> [EXTRACTED DATA]:

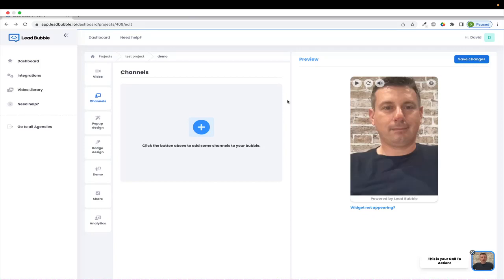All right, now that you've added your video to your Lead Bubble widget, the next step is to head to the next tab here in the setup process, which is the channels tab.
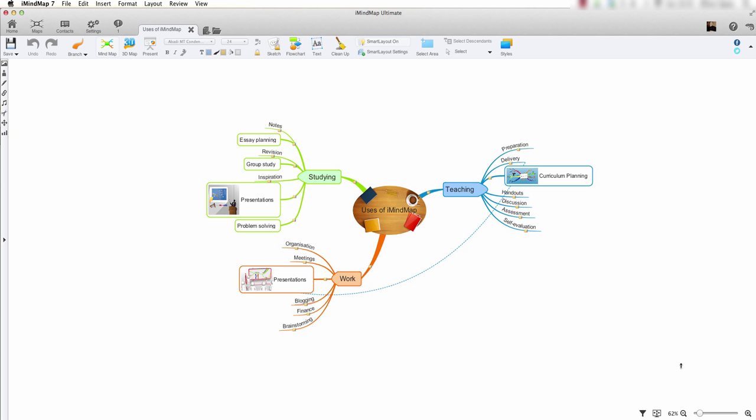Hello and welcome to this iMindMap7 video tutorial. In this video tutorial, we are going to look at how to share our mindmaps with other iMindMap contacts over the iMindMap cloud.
...
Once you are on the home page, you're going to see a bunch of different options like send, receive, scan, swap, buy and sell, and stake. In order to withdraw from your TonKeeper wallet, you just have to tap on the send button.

> [EXERCISE GOAL]: Copy nothing but the lines above from the one with "All right, now" to the one with "Hello and welcome", inclusive, word for word. Leave every picture out.

> [WRITTEN REPLY]:
All right, now that you've added your video to your Lead Bubble widget, the next step is to head to the next tab here in the setup process, which is the channels tab.
Hello and welcome to this iMindMap7 video tutorial. In this video tutorial, we are going to look at how to share our mindmaps with other iMindMap contacts over the iMindMap cloud.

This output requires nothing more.